_Brief_. The lines to reproduce run from the one containing "4615 232 Street, Langley, BC" through the final line of the entries; write them out exactly and add nothing.

_Listed entries_.
--------------------------------
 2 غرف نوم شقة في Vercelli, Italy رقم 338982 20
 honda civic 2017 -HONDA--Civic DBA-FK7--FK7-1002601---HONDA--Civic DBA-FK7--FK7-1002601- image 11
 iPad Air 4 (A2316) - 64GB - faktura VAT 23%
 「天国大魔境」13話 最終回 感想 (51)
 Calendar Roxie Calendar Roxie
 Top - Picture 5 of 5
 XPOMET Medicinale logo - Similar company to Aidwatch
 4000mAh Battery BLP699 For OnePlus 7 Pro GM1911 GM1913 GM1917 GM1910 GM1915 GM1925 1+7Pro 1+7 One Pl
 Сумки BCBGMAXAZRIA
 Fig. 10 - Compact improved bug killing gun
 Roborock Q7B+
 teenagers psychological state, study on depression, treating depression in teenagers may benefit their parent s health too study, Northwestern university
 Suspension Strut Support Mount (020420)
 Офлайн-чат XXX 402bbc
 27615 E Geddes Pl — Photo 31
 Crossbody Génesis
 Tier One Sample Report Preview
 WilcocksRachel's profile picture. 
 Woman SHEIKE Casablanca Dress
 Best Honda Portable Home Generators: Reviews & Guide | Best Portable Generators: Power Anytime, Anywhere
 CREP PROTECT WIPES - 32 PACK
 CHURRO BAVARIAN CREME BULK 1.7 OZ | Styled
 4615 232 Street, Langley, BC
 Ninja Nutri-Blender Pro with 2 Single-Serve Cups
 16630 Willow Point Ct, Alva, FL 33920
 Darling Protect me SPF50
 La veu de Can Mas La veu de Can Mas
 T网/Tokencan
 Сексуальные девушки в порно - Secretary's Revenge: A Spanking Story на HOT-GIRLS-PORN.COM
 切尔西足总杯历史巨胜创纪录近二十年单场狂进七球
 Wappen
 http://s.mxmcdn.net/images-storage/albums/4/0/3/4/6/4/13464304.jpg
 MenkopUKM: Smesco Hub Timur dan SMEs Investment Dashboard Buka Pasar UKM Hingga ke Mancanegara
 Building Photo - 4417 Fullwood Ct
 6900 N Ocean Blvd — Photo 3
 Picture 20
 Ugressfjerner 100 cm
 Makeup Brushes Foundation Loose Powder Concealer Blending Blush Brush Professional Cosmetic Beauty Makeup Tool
--------------------------------
_Task solution_.
 4615 232 Street, Langley, BC
 Ninja Nutri-Blender Pro with 2 Single-Serve Cups
 16630 Willow Point Ct, Alva, FL 33920
 Darling Protect me SPF50
 La veu de Can Mas La veu de Can Mas
 T网/Tokencan
 Сексуальные девушки в порно - Secretary's Revenge: A Spanking Story на HOT-GIRLS-PORN.COM
 切尔西足总杯历史巨胜创纪录近二十年单场狂进七球
 Wappen
 http://s.mxmcdn.net/images-storage/albums/4/0/3/4/6/4/13464304.jpg
 MenkopUKM: Smesco Hub Timur dan SMEs Investment Dashboard Buka Pasar UKM Hingga ke Mancanegara
 Building Photo - 4417 Fullwood Ct
 6900 N Ocean Blvd — Photo 3
 Picture 20
 Ugressfjerner 100 cm
 Makeup Brushes Foundation Loose Powder Concealer Blending Blush Brush Professional Cosmetic Beauty Makeup Tool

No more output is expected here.